Right away, there are several worrisome signs that jump out from that list. I'm an unabashed fan of both Justin Mapp and Paulo Nagamura (and I in fact advocated for the Sporks to sign Mapp this offseason), but the fact remains that the club is shelling out nearly $550,000 for what has so far been a total of 210 minutes of game time combined from both players--that's positively Lampard-esque in terms of bang-for-buck.

(However, I would also maintain that Mapp's absence from the field in particular is a bigger indictment of the training staff than of the front office. Turf toe, the injury which Mapp picked up in preseason, is ordinarily a minor injury that takes weeks, not months, to heal, yet Mapp always seemed like he was never quite fit. And considering this is an injury unrelated to his previous major injuries, it does not speak well of the job the trainers did in taking so long to get him back to match readiness.)

More to the point, though, is that Sporting is drawing on outsized contributions from some of its minimum-level wage earners who do not even appear on the senior roster list--Saad Abdul-Salaam and Jimmy Medranda in particular--while players at higher wage levels like Seth Sinovic have rarely seen the field.

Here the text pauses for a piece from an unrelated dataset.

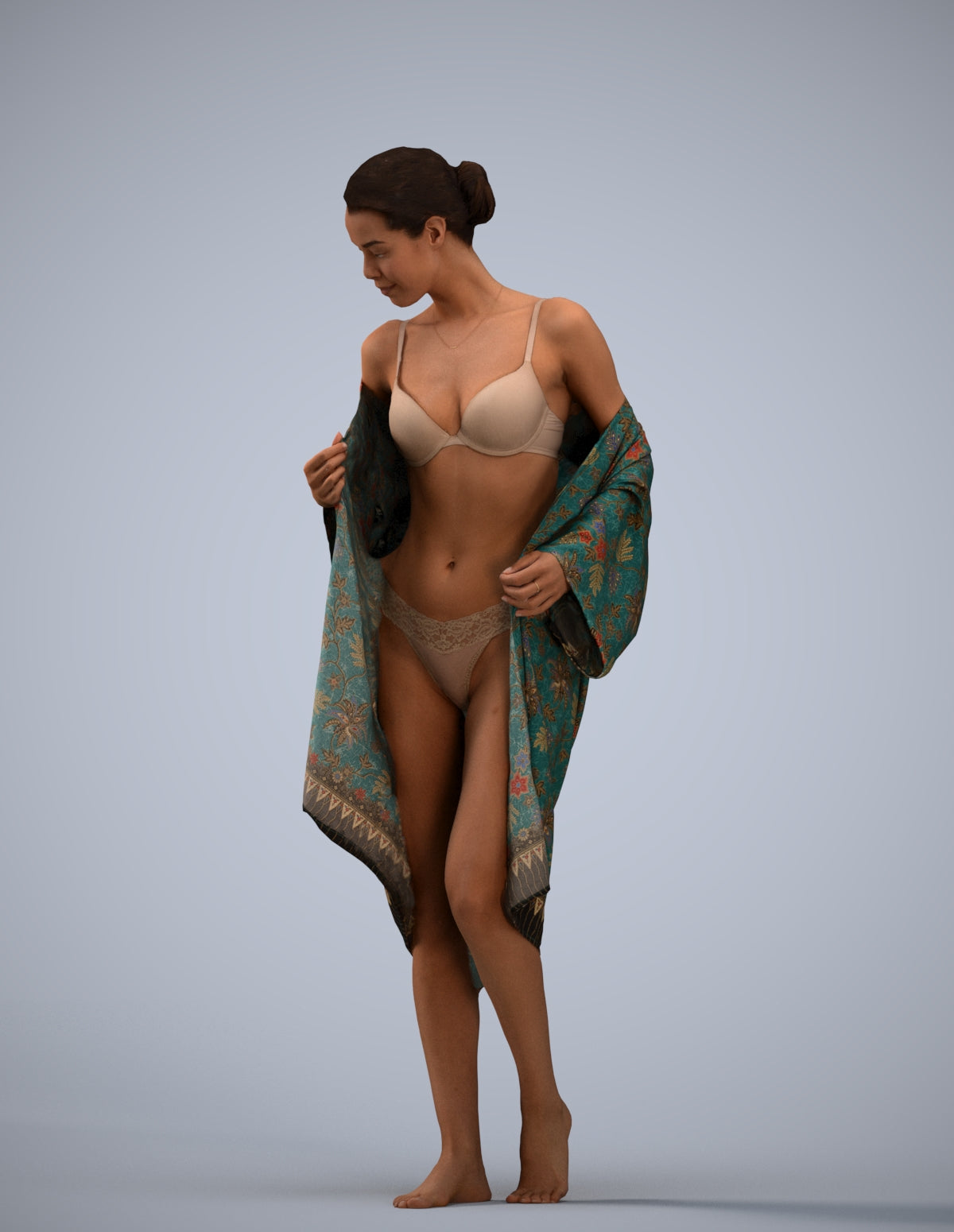 photogrammetry 3D woman bathroom, realistic human model archviz FBX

On the other side of the spectrum is Nuno Andre Coelho, who has to be considered the runaway favorite for Newcomer of the Year. When healthy, he has proved to be worth every penny of his $275,000 base salary, and now that he is back practicing, hopefully he can slot right back in next to either Opara or Besler, and Sporting fans can rest easier knowing that the possibility of seeing Olum and Medranda on the same side of the defense again has been made that much more unlikely.

But what about the bottom line? The combined cap hits of the twenty players presumably on Sporting's "senior roster" add up to $4,706,694, meaning that in terms of raw data, Sporting is already over $1.1 million above the league salary cap, indicating that they are likely having to use significant amounts of allocation funds just to remain compliant, never mind to add any new recruits.

This may well be (at least in part) why Quintilla was let go--$100,000 is a lot to spend on a midfielder who fell off the depth chart at SPR, and while I disagree with the decision to release Jordi (in no small part because there is probably significantly more money to save with roster cuts elsewhere), if Sporting were looking to pare down some salary and keep an international roster spot in reserve, then Quintilla had to be shown the door.

Quintilla's departure may well portend further movement down the line--not necessarily during this transfer window, but surely during the winter one. If Sporting go a third consecutive season of one-and-out playoff performances (or end up missing the playoffs altogether, a very real possibility), then budgetary sacrifices more substantial than Jordi Quintilla's 100K wages will have to be made to the club's payroll.

Because ultimately, the future of Sporting Kansas City is being laid bare: an aging and increasingly expensive core whose window is rapidly closing, surrounded by similarly aging role players with outsized salaries relative to their younger and more relied-upon counterparts (for an article specifically on this concern, I highly recommend R.J.'s take here).

Peter Vermes has his work cut out for him. While he tends not to be terribly active in the summer window (the bringing in of someone like Oriol Rosell aside--and even then, Uri wasn't expected to contribute right away), Vermes has to know that the writing is on the wall for his club and that numerous changes will need to be made--and soon. For the window on this club's current core is rapidly beginning to close, and if Vermes is to stave off the most painful parts of the inevitable rebuilding effort, he will have to act with haste.